*** Opening Records for the task ***

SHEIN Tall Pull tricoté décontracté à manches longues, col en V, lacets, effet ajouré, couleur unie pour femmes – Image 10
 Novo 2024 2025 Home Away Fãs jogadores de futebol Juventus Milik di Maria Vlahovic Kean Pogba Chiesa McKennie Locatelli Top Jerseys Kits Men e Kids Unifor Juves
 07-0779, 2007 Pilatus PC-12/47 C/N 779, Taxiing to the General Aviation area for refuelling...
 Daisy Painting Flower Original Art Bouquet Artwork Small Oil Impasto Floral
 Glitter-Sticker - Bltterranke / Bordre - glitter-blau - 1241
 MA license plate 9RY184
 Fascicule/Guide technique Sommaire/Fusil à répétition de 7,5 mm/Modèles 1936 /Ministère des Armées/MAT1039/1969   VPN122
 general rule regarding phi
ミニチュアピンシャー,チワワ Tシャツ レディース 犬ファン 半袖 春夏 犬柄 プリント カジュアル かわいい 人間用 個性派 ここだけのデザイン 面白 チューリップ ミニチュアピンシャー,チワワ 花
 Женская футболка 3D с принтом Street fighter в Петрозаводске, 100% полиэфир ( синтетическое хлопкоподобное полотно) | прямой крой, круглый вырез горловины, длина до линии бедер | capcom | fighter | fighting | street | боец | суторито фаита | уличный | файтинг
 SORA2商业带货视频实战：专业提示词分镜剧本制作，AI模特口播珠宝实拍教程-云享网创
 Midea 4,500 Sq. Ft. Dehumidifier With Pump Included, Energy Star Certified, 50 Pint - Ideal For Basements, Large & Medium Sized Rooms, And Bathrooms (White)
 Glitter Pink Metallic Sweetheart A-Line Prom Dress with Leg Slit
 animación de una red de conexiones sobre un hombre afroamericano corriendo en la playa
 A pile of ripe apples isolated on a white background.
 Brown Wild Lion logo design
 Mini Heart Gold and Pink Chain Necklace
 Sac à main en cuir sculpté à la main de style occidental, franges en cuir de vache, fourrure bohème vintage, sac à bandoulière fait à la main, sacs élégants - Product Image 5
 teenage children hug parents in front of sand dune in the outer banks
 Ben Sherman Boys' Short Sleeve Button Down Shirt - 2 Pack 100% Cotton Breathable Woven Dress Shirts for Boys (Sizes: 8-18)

*** Closing Records for the task ***

Every line from the top of the material above through the line holding "teenage children hug" should be reproduced word for word, and nothing beyond it.

> _Exercise output_:
SHEIN Tall Pull tricoté décontracté à manches longues, col en V, lacets, effet ajouré, couleur unie pour femmes – Image 10
 Novo 2024 2025 Home Away Fãs jogadores de futebol Juventus Milik di Maria Vlahovic Kean Pogba Chiesa McKennie Locatelli Top Jerseys Kits Men e Kids Unifor Juves
 07-0779, 2007 Pilatus PC-12/47 C/N 779, Taxiing to the General Aviation area for refuelling...
 Daisy Painting Flower Original Art Bouquet Artwork Small Oil Impasto Floral
 Glitter-Sticker - Bltterranke / Bordre - glitter-blau - 1241
 MA license plate 9RY184
 Fascicule/Guide technique Sommaire/Fusil à répétition de 7,5 mm/Modèles 1936 /Ministère des Armées/MAT1039/1969   VPN122
 general rule regarding phi
ミニチュアピンシャー,チワワ Tシャツ レディース 犬ファン 半袖 春夏 犬柄 プリント カジュアル かわいい 人間用 個性派 ここだけのデザイン 面白 チューリップ ミニチュアピンシャー,チワワ 花
 Женская футболка 3D с принтом Street fighter в Петрозаводске, 100% полиэфир ( синтетическое хлопкоподобное полотно) | прямой крой, круглый вырез горловины, длина до линии бедер | capcom | fighter | fighting | street | боец | суторито фаита | уличный | файтинг
 SORA2商业带货视频实战：专业提示词分镜剧本制作，AI模特口播珠宝实拍教程-云享网创
 Midea 4,500 Sq. Ft. Dehumidifier With Pump Included, Energy Star Certified, 50 Pint - Ideal For Basements, Large & Medium Sized Rooms, And Bathrooms (White)
 Glitter Pink Metallic Sweetheart A-Line Prom Dress with Leg Slit
 animación de una red de conexiones sobre un hombre afroamericano corriendo en la playa
 A pile of ripe apples isolated on a white background.
 Brown Wild Lion logo design
 Mini Heart Gold and Pink Chain Necklace
 Sac à main en cuir sculpté à la main de style occidental, franges en cuir de vache, fourrure bohème vintage, sac à bandoulière fait à la main, sacs élégants - Product Image 5
 teenage children hug parents in front of sand dune in the outer banks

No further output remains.